#### Record extracts

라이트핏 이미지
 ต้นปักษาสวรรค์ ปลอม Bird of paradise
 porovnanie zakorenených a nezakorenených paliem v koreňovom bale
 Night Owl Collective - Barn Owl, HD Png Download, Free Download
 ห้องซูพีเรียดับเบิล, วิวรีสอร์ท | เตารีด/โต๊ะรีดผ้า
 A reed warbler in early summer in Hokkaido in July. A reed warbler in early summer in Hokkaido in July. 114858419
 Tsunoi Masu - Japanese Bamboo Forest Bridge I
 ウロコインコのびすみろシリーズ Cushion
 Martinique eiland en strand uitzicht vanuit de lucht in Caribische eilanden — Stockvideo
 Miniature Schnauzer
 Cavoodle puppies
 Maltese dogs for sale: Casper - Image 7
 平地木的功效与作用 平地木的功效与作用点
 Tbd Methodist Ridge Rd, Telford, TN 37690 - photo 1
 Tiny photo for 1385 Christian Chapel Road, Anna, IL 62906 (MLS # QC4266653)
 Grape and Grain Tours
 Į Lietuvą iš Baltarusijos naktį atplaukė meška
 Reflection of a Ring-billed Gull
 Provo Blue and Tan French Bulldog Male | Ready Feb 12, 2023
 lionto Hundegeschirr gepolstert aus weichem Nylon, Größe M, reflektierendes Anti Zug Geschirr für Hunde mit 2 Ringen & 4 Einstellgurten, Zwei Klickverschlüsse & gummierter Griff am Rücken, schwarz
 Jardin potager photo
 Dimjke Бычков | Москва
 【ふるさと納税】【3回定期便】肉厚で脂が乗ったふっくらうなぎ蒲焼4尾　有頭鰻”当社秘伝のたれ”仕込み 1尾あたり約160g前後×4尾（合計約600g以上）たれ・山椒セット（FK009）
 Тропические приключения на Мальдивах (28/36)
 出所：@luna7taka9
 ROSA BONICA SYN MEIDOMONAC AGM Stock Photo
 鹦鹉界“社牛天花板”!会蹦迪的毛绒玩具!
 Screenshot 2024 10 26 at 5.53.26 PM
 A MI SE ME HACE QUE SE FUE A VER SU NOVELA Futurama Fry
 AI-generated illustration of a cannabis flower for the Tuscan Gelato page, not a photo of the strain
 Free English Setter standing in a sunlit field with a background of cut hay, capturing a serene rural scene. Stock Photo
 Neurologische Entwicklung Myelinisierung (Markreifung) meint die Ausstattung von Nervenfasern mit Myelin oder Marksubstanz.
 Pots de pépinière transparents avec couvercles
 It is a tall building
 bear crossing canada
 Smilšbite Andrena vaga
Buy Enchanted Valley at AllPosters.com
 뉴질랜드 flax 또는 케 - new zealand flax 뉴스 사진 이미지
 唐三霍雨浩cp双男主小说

########

● Work request:
Every line of the entries above that includes "Free" should be copied.

● Result for this exercise:
 Night Owl Collective - Barn Owl, HD Png Download, Free Download
 Free English Setter standing in a sunlit field with a background of cut hay, capturing a serene rural scene. Stock Photo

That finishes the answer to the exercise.